The Indiana Supreme Court has explained that a "principal is bound by the acts of a general agent if the agent acted within the usual and ordinary scope of the business in which it was employed, even if the agent may have violated the private instructions the principal may have given it." Koval v. Simon Telelect, Inc., 693 N.E.2d 1299, 1304 (Ind.1998). This rule is intended to hold a principal liable to a third party. See Apple Glen Crossing, LLC v. Trademark Retail, Inc., 784 N.E.2d 484, 488 (Ind.2003). The reason for this rule is that if one of two innocent parties-either the principal or the third party-must suffer due to a betrayal of the agent's trust, the loss should fall on the party who is most at fault. Koval, 693 N.E.2d at 1304. Because the principal puts the agent in a position of trust, the principal should bear the loss. Id. The agent remains liable to the principal in accordance with the terms of their agreement. Id.
Here, the trial court recognized that the facts of this case differ from the facts of the cases where this legal rule has been applied. Specifically, the trial court noted that pursuant to those cases, the legal rule would hold principal Maxitrol liable to third party RSA if agent Lupke Rice had advised RSA that Maxitrol did not dispute the audited premiums. Despite the factual differences in the cases, the trial court found the legal rule was instructive and applied it to the facts of this case as well, ordering principal Maxitrol to reimburse agent Lupke Rice for payments that it made to third-party RSA. However, the rationale behind the rule simply does not apply in this case. Here, we have a disobedient agent seeking reimbursement rather than an innocent third party seeking to enforce an agent's representations.

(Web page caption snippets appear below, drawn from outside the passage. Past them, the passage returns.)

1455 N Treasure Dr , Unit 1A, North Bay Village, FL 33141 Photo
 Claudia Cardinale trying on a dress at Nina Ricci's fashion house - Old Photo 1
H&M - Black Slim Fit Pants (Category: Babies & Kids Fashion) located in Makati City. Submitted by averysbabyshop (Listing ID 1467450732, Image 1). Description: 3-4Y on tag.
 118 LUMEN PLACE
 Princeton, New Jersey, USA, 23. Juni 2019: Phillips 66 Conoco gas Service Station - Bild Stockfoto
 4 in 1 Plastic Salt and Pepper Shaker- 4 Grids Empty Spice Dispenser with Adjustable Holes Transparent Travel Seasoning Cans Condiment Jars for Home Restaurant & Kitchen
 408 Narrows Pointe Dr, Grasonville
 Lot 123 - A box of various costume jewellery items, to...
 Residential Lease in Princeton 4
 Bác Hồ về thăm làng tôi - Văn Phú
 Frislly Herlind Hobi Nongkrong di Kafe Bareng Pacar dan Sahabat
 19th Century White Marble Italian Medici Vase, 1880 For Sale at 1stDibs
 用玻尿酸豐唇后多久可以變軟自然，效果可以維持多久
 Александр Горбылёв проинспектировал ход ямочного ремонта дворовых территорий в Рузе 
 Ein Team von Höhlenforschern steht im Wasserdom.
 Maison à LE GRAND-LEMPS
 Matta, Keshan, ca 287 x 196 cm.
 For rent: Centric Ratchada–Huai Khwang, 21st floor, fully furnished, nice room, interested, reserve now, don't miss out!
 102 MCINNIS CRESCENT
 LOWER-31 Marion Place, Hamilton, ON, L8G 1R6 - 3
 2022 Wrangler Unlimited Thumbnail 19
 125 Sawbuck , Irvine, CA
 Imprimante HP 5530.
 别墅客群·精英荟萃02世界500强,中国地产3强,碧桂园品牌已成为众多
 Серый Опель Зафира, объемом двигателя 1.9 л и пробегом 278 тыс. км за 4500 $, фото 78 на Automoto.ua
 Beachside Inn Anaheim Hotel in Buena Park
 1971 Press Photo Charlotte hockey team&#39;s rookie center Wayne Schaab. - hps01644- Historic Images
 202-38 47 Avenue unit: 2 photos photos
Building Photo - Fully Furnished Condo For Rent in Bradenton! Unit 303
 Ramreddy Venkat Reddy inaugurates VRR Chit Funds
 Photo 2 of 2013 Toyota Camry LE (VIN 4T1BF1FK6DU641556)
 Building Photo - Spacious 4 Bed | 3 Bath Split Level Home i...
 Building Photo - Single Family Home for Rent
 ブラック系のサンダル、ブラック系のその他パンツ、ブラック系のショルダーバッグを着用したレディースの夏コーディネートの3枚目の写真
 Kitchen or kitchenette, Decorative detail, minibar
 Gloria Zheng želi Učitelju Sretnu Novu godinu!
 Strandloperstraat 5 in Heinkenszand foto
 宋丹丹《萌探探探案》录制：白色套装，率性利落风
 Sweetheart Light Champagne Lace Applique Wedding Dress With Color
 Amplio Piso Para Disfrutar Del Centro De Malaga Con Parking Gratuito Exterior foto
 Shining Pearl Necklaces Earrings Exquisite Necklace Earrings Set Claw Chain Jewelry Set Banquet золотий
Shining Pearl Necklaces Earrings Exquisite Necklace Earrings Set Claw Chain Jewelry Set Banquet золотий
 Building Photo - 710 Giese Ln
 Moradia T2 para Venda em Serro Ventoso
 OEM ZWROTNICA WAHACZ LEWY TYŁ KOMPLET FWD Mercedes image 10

Further, where a principal has instructed an agent not to do something, and the agent disobeys the principal, the agent is clearly more at fault than the principal. The rule was not intended to protect a disobedient agent. The trial court therefore erred in concluding that Maxitrol was bound by Lupke Rice's acts even though Lupke Rice violated Maxi-trol's private instructions not to pay RSA the adjusted premiums.
Ratification
Maxitrol also argues that the trial court erred in concluding that it ratified Lupke Rice's payments to RSA. Ratification is the adoption of that which was done for and in the name of another without authority. Quality Foods, Inc. v. Holloway Associates Professional Engineers and Land Surveyors, 852 N.E.2d 27, 33 (Ind.Ct.App.2006). It is in the nature of a cure for a lack of authorization. Id. When ratification takes place, the transaction stands as an authorized one, and the transaction is good from the beginning. Id. Ratification is a question of fact, and may be inferred from the conduct of the parties. Id. The acts, words, silence, dealings, and knowledge of the principal, as well as many other facts and cirenmstances, may be shown as evidence warranting the inference of finding of the ultimate fact of ratification. Id. at 838-34. Knowingly accepting the benefits of an unauthorized transaction amounts to ratification of such transaction and is in the nature of an estoppel to deny the authority to make such a transaction. Id.
A principal has the right to presume that his agent has followed instructions and has not exceeded his authority. Crumpacker v. Jeffrey, 115 N.E. 62, 67, 63 Ind.App. 621 (1917). Whenever a principal is sought to be held liable on the ground of ratification, either express or implied, it must be shown that the principal ratified upon full knowledge of all material facts, or that he was willfully ignorant, or purposely refrained from seeking information. Id.
Here, however, Maxitrol did not have full knowledge of all material facts. Specifically, Maxitrol did not know that Lupke Rice was paying RSA the annual premium adjustments. Maxitrol did not learn of these payments until May 2005, more than one year after Lupke made the last of these payments. Under these circumstances, the trial court erred in concluding that Maxitrol ratified Lupke Rice's payment to RSA.
Reversed.
BAKER, C.J., and VAIDIK, J., concur.
. Lupke Rice raises the following two issues on cross-appeal: whether the trial court erred in failing to award it prejudgment interest and whether it is entitled to appellate attorney fees. Because we reverse the trial court, we need not address these issues.